Any doubt that the BBC has a bias against supermarkets was surely dispelled by a Panorama offering shortly before Christmas ('What Price Cheap Food?'). The outcome, however, fell well short of its pretensions.

The first allegation was that increasing scale economies at the retail end of the market are driving the growth of factory farming an emotive synonym for animal suffering and environmental damage. The main examples cited, however, were in the US, and even here the reality didn't quite match the intended script. Invited to excoriate a mega-dairy near Chicago, a farmer who had just lost his farm in the UK looked at the cows and said they were obviously very happy.

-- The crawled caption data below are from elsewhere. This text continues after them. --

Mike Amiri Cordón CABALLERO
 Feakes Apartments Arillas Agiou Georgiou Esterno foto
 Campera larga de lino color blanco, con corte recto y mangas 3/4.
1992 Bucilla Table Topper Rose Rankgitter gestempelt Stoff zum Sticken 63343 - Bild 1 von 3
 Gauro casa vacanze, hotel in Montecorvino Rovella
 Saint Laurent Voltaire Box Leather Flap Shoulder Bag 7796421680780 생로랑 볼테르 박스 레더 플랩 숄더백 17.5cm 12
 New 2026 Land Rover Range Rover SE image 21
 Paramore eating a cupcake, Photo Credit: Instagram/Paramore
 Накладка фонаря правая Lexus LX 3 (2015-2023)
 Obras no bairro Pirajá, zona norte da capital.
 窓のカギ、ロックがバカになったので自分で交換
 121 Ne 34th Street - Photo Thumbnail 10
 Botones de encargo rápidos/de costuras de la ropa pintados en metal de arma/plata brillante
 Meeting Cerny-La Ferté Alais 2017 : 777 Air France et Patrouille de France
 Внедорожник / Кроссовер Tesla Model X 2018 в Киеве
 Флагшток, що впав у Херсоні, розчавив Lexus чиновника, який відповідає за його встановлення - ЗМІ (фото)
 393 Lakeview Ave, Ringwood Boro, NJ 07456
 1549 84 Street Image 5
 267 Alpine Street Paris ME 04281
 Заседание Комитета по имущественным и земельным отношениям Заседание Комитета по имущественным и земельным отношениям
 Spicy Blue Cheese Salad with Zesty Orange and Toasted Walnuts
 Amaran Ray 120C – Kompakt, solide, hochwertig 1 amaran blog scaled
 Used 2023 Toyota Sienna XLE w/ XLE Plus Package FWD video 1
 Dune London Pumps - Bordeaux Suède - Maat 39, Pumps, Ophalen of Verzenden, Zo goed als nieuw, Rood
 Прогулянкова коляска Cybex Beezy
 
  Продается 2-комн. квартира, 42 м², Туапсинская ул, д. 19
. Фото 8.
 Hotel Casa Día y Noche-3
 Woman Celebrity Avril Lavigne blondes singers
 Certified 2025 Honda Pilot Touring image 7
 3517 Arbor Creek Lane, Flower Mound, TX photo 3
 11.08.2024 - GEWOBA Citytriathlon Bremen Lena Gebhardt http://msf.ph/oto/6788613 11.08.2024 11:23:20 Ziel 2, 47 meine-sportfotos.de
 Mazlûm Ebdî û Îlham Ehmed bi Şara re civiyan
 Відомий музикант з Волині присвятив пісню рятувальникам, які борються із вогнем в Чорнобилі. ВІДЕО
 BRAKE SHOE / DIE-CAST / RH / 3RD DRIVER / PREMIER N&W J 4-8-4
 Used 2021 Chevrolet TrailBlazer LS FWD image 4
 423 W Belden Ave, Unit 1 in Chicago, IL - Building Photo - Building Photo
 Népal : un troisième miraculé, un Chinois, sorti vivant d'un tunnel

Nor did the large-scale US pigmeat model find much resonance in the smaller, welfare-conscious and environmentally safe Derbyshire pig farm, presented as the shape of things to come in the UK.

Another claim was that cheap food is tasteless, mediocre rubbish. Hugh Fearnley-Whittingstall, a zealot for organic, local, small-scale farming, was given a very easy run. A blind tasting test was rigged up in which FW spat out a supermarket tomato, then pronounced some premium pork superior to a mid-range, much cheaper supermarket offering. Surprising, eh?

More seriously, the programme implied that all supermarket chicken was battery-produced, with no mention of the free-range and organic lines on sale in most chains. FW also claimed, contrary to retailers' experience, that shoppers would buy "ugly" fruit if only supermarkets would sell it.

And suppliers are supposedly carrying the can for supermarket price-cutting. In the virtual absence of suppliers willing to give evidence either way, the researchers could have quoted from the latest Competition Commission report, except they would have found little to cheer them up. So a claim of "big profits" being made was unsupported by any input on costs, margins and added value at any point in the chain. Had any of the big four deigned to enter the fray, this could have been corrected.

Finally, having played up the local opposition to more supermarkets, we had a blast of honesty from a lady shopper who called the protesters hypocrites. The presenter concluded that it's we ourselves who are driving supermarket growth. A revelation indeed.

Kevin Hawkins is an independent retail consultant.